Aim of the task: Leave out every picture and set down, exactly, the lines below from the one holding "Transform plain notebooks" up to and including the one holding "0.31 ct Pear Red Natural Ruby".

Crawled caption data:

────────

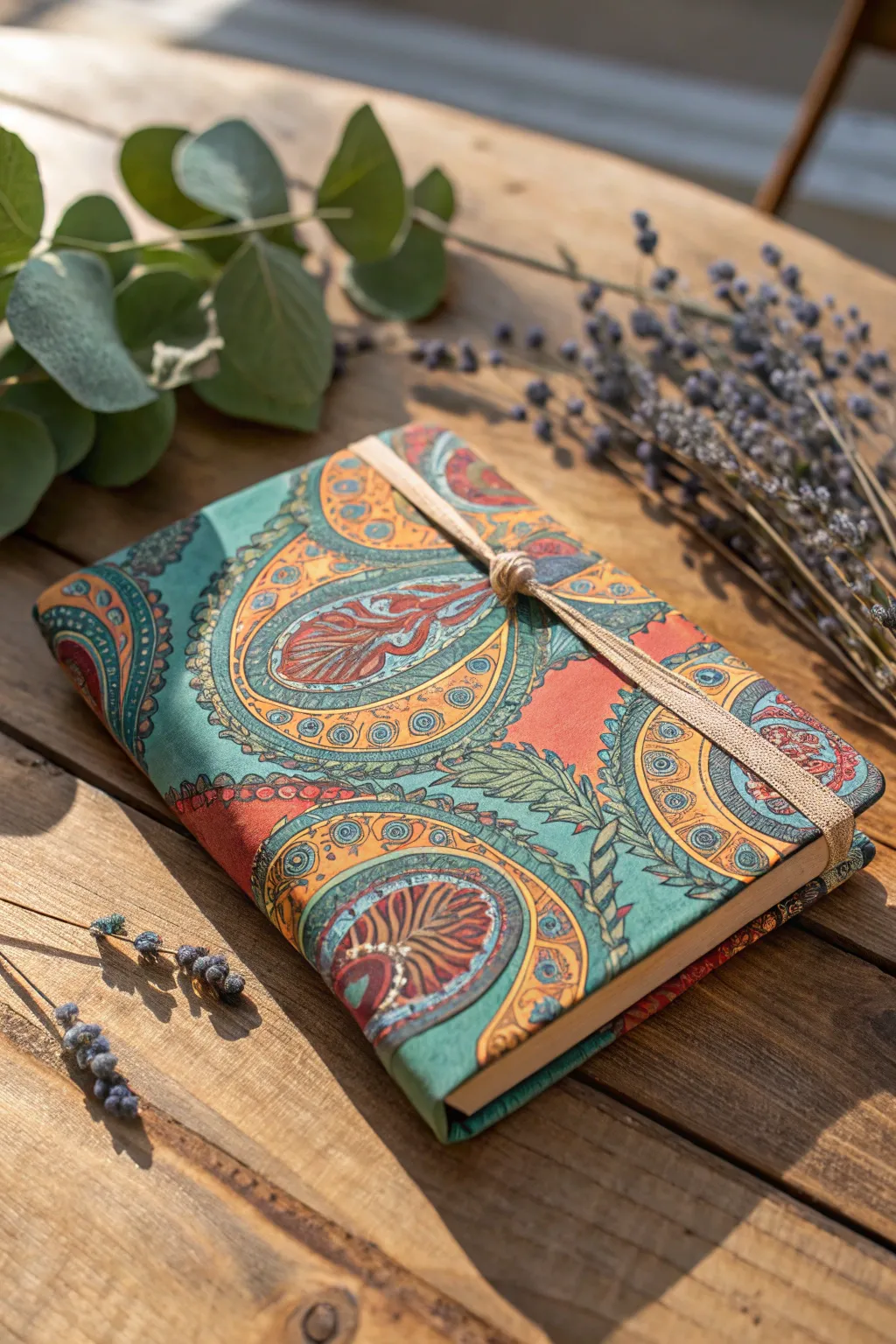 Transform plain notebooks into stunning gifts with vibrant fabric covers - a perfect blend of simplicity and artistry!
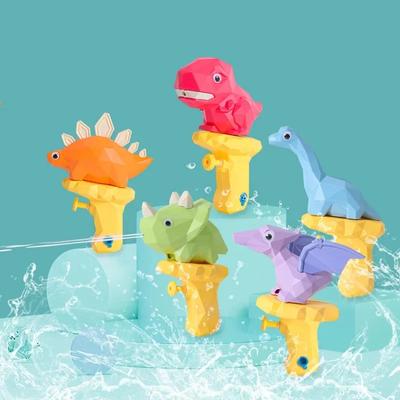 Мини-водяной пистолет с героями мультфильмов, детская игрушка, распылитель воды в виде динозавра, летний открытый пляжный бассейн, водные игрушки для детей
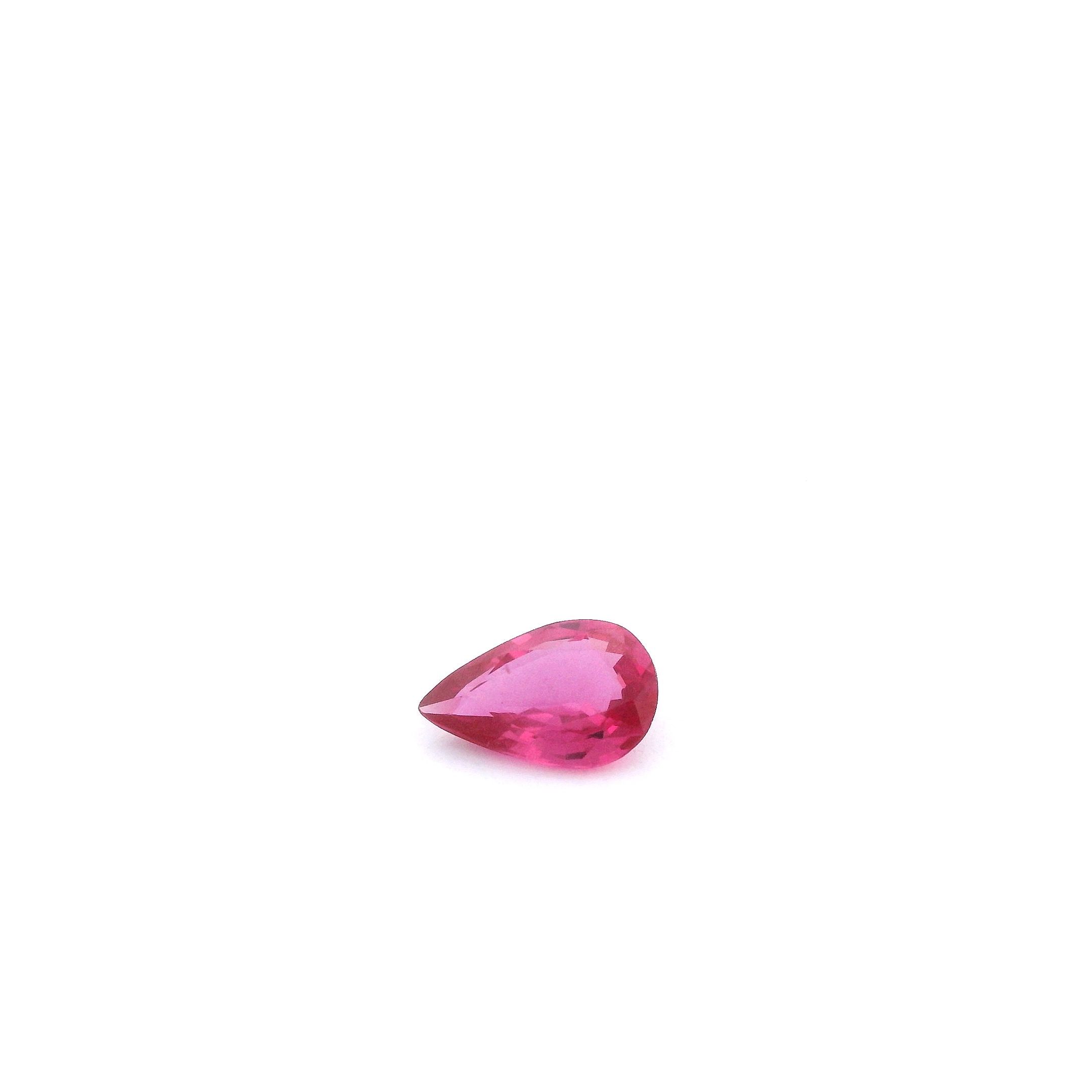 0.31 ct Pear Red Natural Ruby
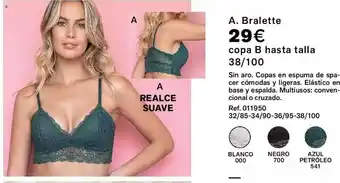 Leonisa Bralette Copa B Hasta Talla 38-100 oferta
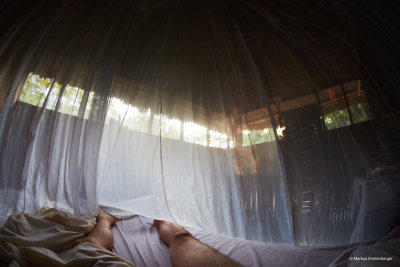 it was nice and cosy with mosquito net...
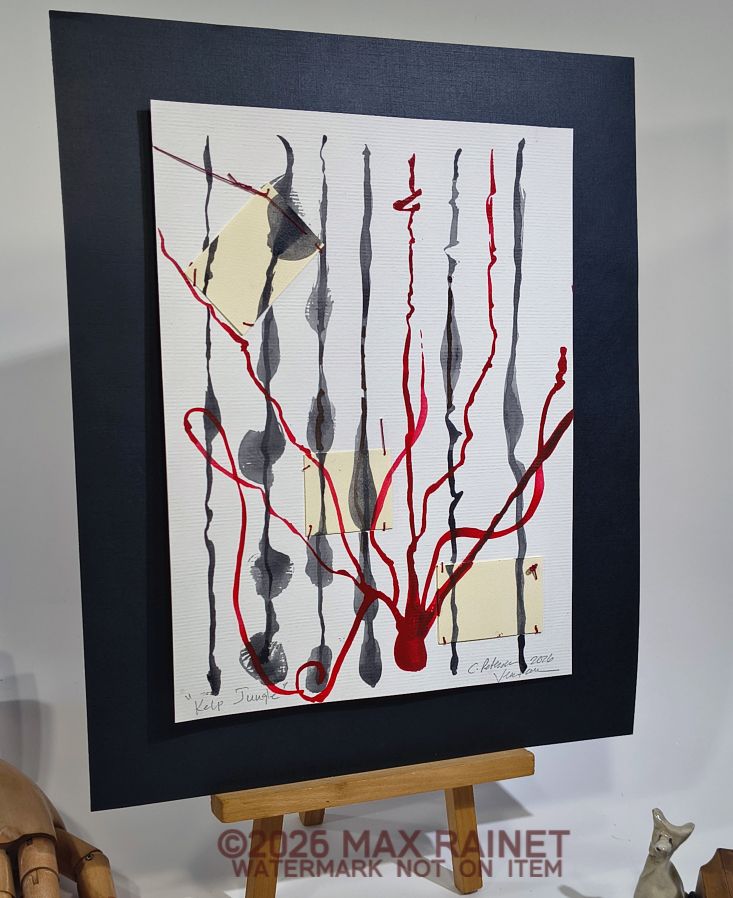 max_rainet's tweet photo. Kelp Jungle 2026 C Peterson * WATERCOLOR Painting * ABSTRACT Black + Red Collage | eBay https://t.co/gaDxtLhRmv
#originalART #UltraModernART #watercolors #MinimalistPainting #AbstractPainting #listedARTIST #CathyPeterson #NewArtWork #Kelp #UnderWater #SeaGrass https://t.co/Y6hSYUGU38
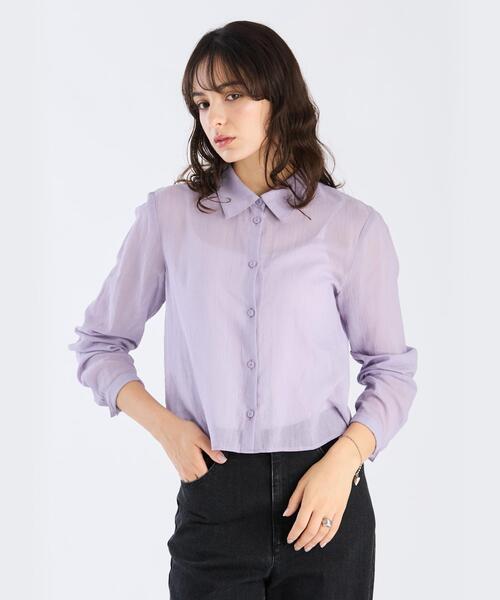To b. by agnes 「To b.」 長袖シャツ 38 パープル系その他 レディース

────────

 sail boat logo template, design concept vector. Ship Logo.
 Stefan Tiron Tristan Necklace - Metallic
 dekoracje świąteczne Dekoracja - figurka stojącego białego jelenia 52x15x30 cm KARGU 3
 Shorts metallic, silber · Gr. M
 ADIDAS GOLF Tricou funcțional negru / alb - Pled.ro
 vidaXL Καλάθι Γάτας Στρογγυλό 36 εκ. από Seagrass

────────

Exercise result:
 Transform plain notebooks into stunning gifts with vibrant fabric covers - a perfect blend of simplicity and artistry!
 Мини-водяной пистолет с героями мультфильмов, детская игрушка, распылитель воды в виде динозавра, летний открытый пляжный бассейн, водные игрушки для детей
 0.31 ct Pear Red Natural Ruby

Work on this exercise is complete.